Friday, March 4, 2011

Fountains Abbey, North Yorkshire

 Easter Week at Fountains Abbey
Vaulted arches of the cellarium


Fountains Abbey - the largest monastic ruins in England

I think that Fountains Abbey is my husband's favorite site to visit in England. Not only is the history of Fountains interesting, but the extensive ruins are open to visitors. It's easy to spend several hours there. We've done that twice, and there's still much to see that we didn't get to.


From the National Trust website:


'A dispute and riot at St Mary's Abbey in York led to the founding of Fountains Abbey in 1132. After pleading unsuccessfully to return to the early 6th century Rule of St Benedict, 13 monks were exiled and taken into the protection of Thurstan, Archbishop of York.

He provided them with a site in the valley of the little River Skell in which they could found a new, more devout monastery. Although described as a place "more fit for wild beasts than men to inhabit" it had all the essential materials for the creation of a monastery: shelter from the weather, stone and timber for building, and plenty of water.

Within three years, the little settlement at Fountains had been admitted to the austere Cistercian Order (founded in France in 1098). Under its rules they lived a rigorous daily life, committed to long periods of silence, a diet barely above subsistence level, and wore the regulation habit of coarse undyed sheep's wool (underwear was forbidden), which earned them the name "White Monks."


One of the Abbey's most important developments was the introduction of the Cistercian system of lay brothers. They were usually illiterate and relieved the monks from routine jobs, giving them more opportunity to dedicate their time to God.
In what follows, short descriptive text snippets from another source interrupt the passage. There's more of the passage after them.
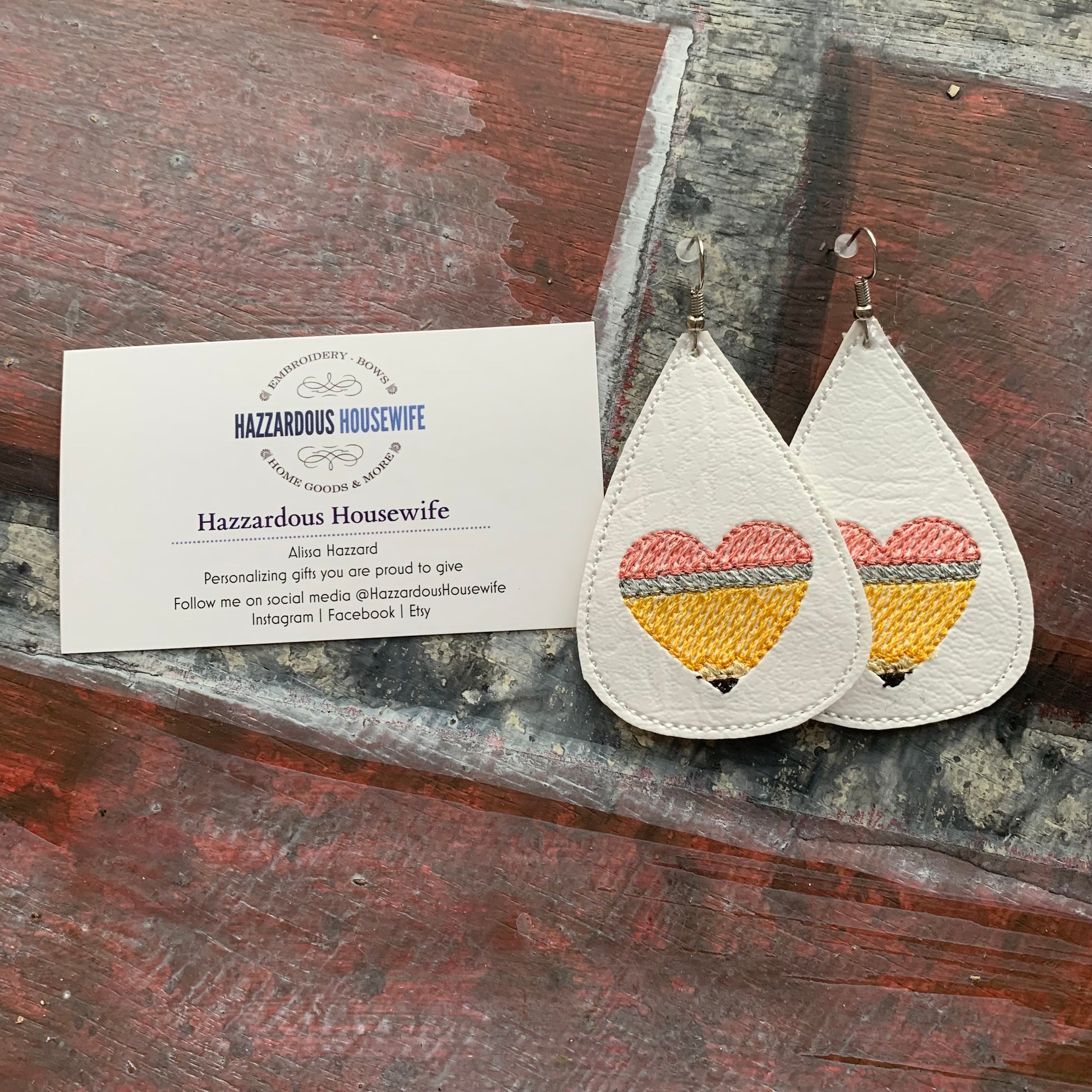 Teardrop-shaped earrings with embroidered pencil in the shape of a heart design on a brick surface with a business card.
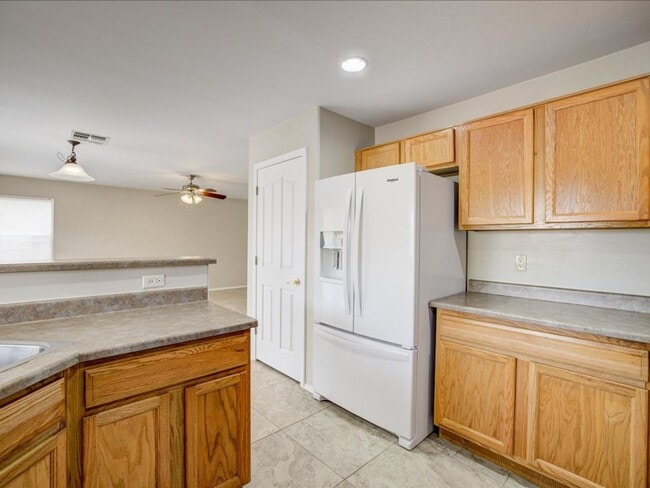 Building Photo - Spacious Two-Story 4 Bedroom with Upstairs Family Room & Large Encolsed Backyard!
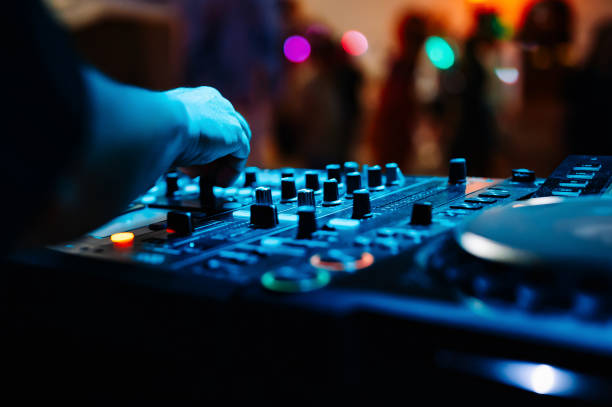 istock DJ Hands creating and regulating music on dj console mixer in concert 1499275893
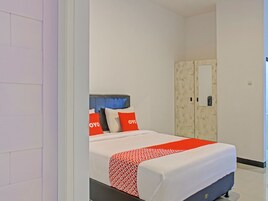 Una habitación de hotel con una cama, un armario y un espejo.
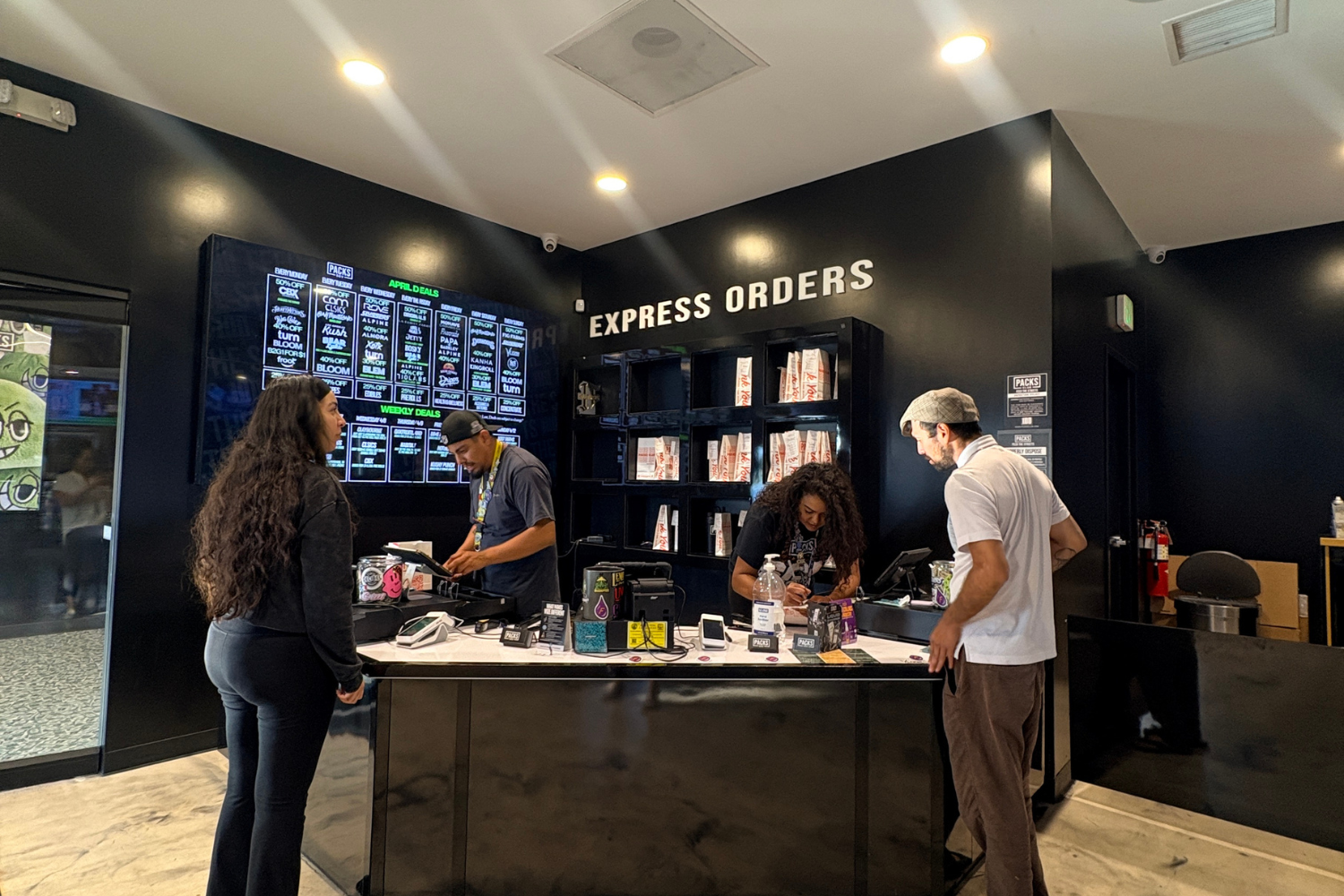 Customers ordering cannabis products at a sleek black dispensary counter in Los Angeles with digital menus and express order signage.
Many served as masons, tanners, shoemakers and smiths, but their chief role was to look after the Abbey's vast flocks of sheep, which lived on the huge estate stretching westwards from Fountains to the Lake District and northwards to Teesside. 

Without the lay brothers, Fountains could never have attained its great wealth or economic importance.'  Read more of the article here. 


My favorite Fountains Abbey photo





At the top of one of the arches


The spring house




I think this is the most often photographed portion of the Fountain Abbey ruins


 The  mill - Photo from The National Trust


The oldest parts of the mill are actually older than the visible parts of the Abbey. The mill, the best-preserved water mill in England, was a working mill for 850 years. It's the only 12th century corn mill in Britain.

Although we saw the mill on our last visit to Fountains Abbey, we didn't get photos because our camera card was filled by that time. One should always carry a memory stick or second camera card. Then again, it's hardly our fault that England has so many interesting places to visit!

Fountains Abbey is not far from Ripon. Visiting Ripon Cathedral and Fountains Abbey on the same day is a bit overwhelming, but neither should be missed. Fountains Abbey definitely takes two visits at least.

While there, we watched a really cute video, 'The Silent Years' about a novice monk. Here's a wee taste of it that I found on YouTube. Trust me, it was a lot funnier before they decided it needed narration.




Hope you have a good weekend. :-)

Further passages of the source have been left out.